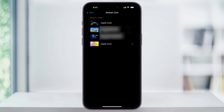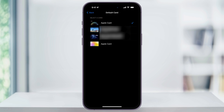After that, you can then choose from the list of available cards that you want to use as your default when you're using Apple Pay. For instance, if I wanted to set Apple Cash as my default card, I would choose this. Make your choice and then you can go ahead and close the Settings app.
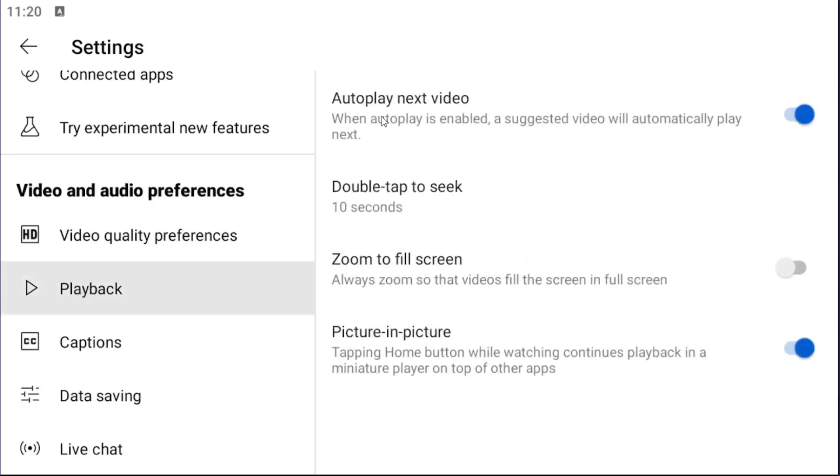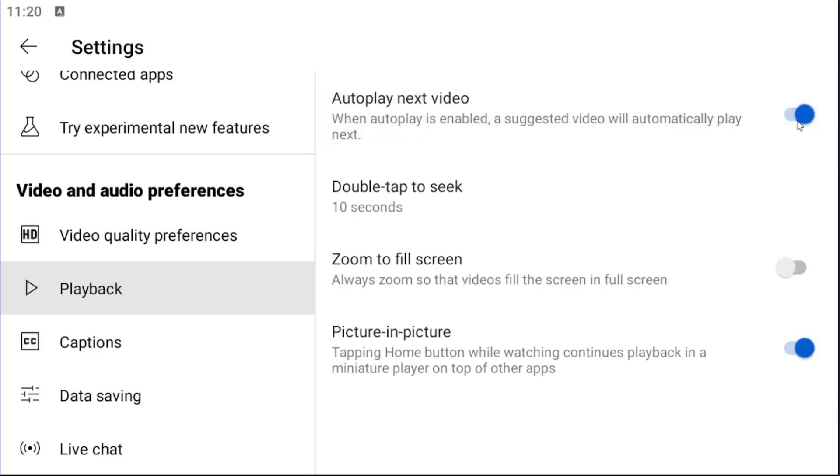On the right side there's autoplay next video. When autoplay is enabled, a suggested video will automatically play next. If you want to turn that on or off, just toggle it to the on or off position. The blue means it is enabled and autoplay is turned on. Conversely, if it's grayed out, it means autoplay is disabled.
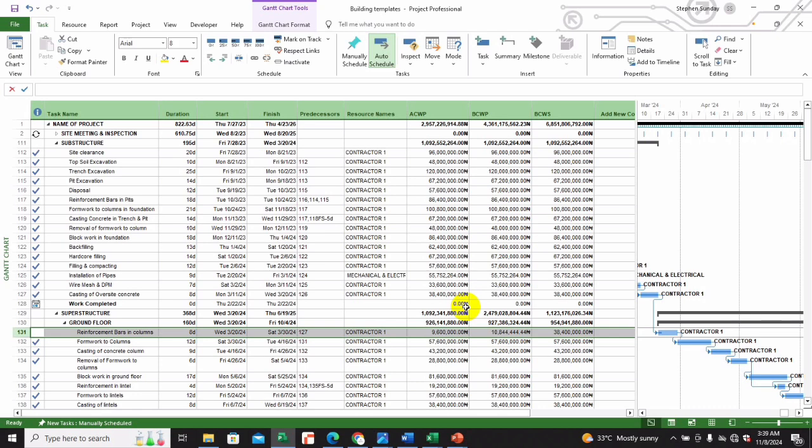Understanding these terms is crucial for effective project monitoring and control, especially in large, complex projects like construction. These metrics allow you to gauge whether the project is on track, ahead, or falling behind — both in terms of schedule and budget.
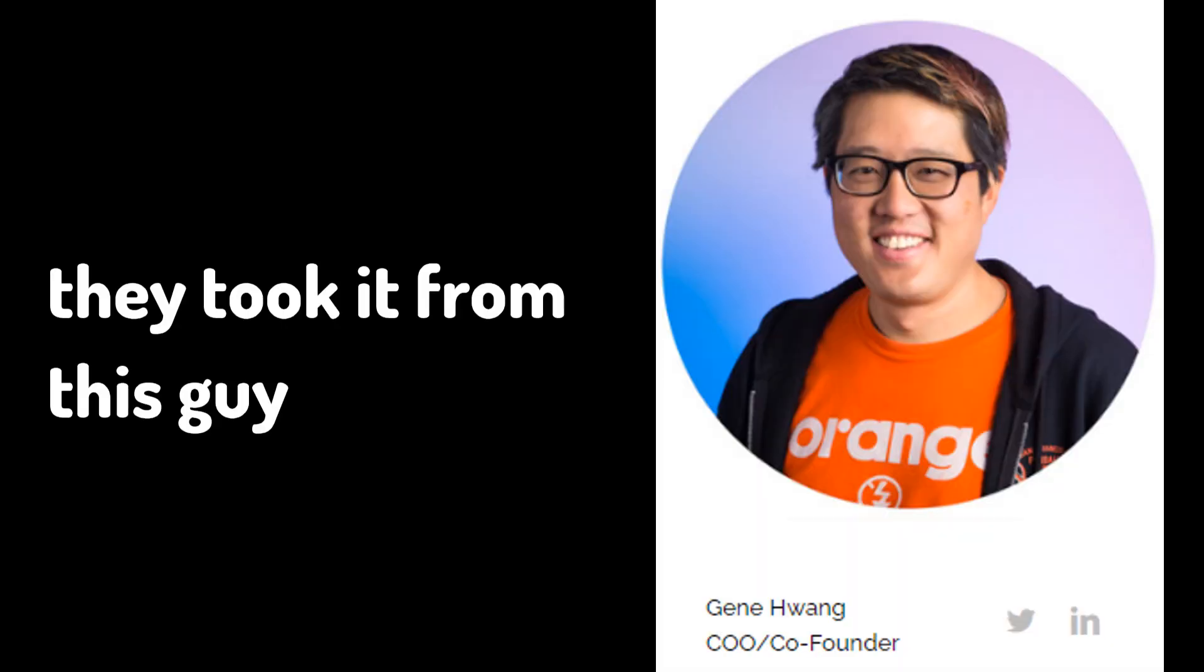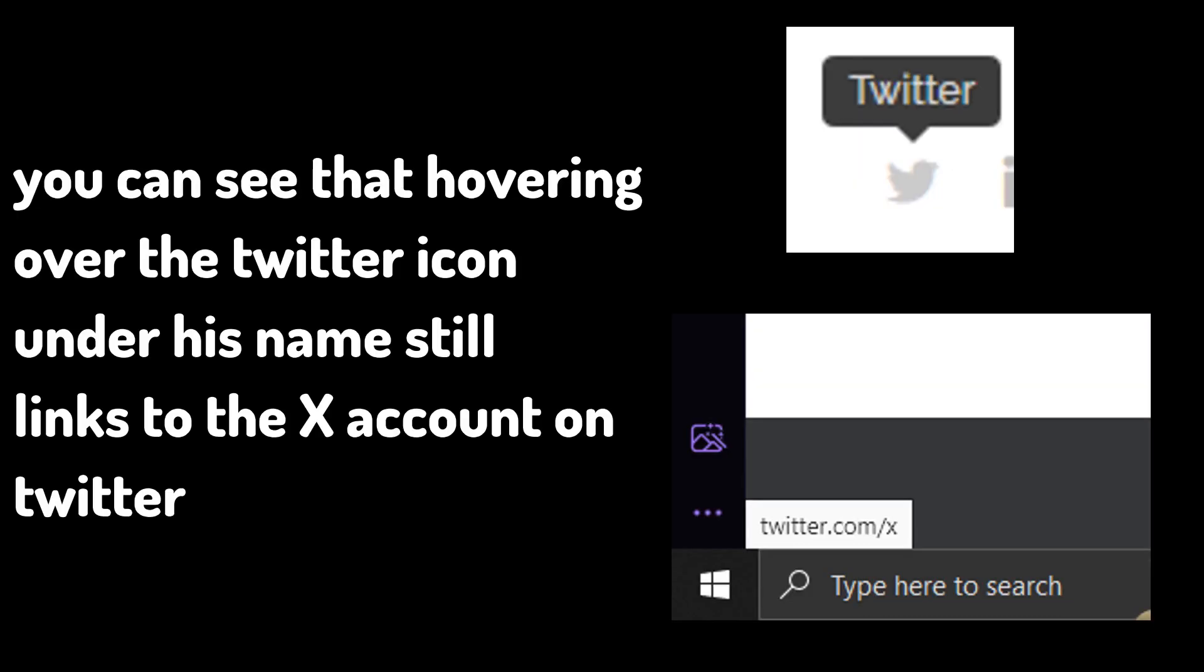I don't know if you actually heard about this but they actually took @X from this random guy. They took the @X handle from the original owner and gave him nothing in return. It's kind of stupid because they just stole @X.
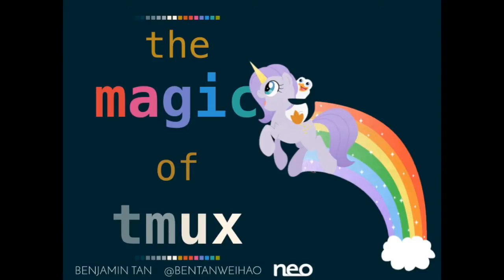Hello, I'm going to do this presentation sitting down because I'm lazy. I'm Ben, I work at NEO in case you haven't seen me around in office. This is my first tech talk, so please be gentle.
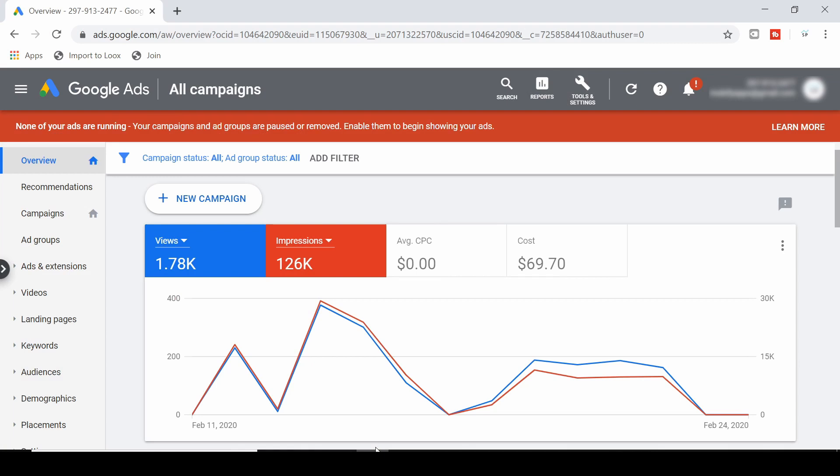So it can be really frustrating when it seems like your ad has been in review for what seems like ages and it doesn't seem like you can do anything about it and you've just got to wait. But I'm here to tell you there is something that you can do to expedite the process if your Google ad has been under review for longer than you think it should be.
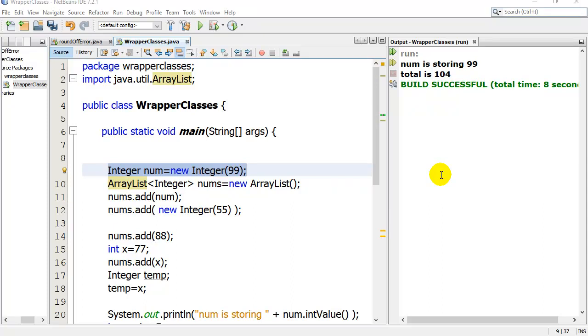Hey everybody, in this video we're going to take a look at wrapper classes in Java, just a quick introduction to them.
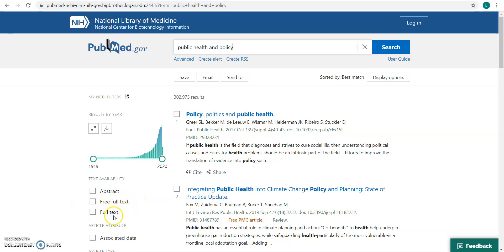The full text limiter is kind of misleading — it essentially just means that the publisher has provided a link from PubMed to their site. Because PubMed is an abstract database, it doesn't actually contain full text within itself; it's going to link you to full text resources. This sounds great, but I wouldn't use this either, because it doesn't tell you whether or not you can get that full text once you're on that site, and it's not going to tell you if you have Logan's full text access.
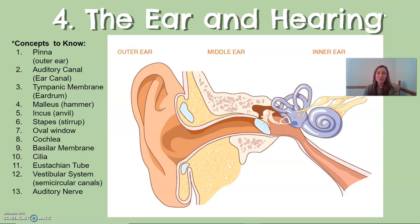Hi everyone, this is part four of the sensation and perception unit. This particular video will cover the parts of the ear, the functions of the parts of the ear, and hearing.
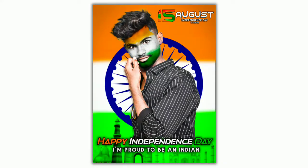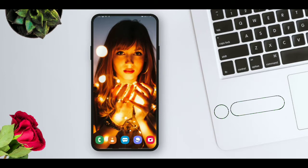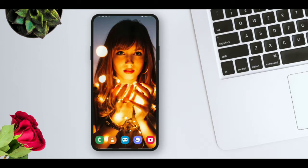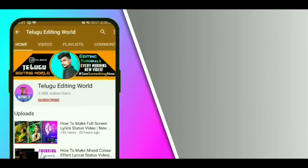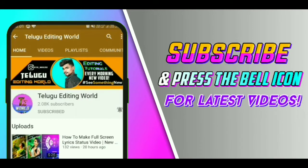Hi guys, you are looking at me. You will need to create a photo editing for Independence Day. I will explain this video. If you like, comment, and share, please subscribe to my channel, click the red button and the bell icon. Without wasting any time, let's get started.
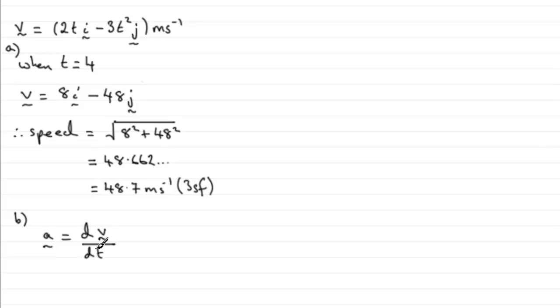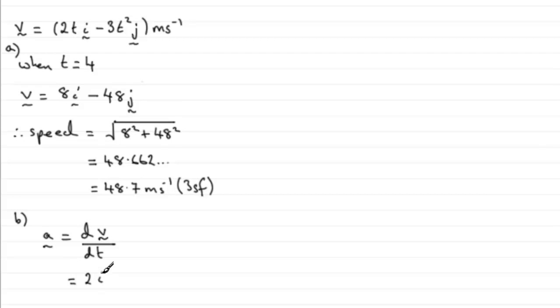We'll differentiate velocity with respect to time, first of all. If we take the first term here and differentiate it with respect to t, it's just going to be 2, 2i. So, we've got that equals 2i.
==================================================
Each line from the top of the material through the line containing "Understanding these terms" should be reproduced exactly; please drop any images.

- _TASK RESPONSE_:
After that, you can then choose from the list of available cards that you want to use as your default when you're using Apple Pay. For instance, if I wanted to set Apple Cash as my default card, I would choose this. Make your choice and then you can go ahead and close the Settings app.
On the right side there's autoplay next video. When autoplay is enabled, a suggested video will automatically play next. If you want to turn that on or off, just toggle it to the on or off position. The blue means it is enabled and autoplay is turned on. Conversely, if it's grayed out, it means autoplay is disabled.
Understanding these terms is crucial for effective project monitoring and control, especially in large, complex projects like construction. These metrics allow you to gauge whether the project is on track, ahead, or falling behind — both in terms of schedule and budget.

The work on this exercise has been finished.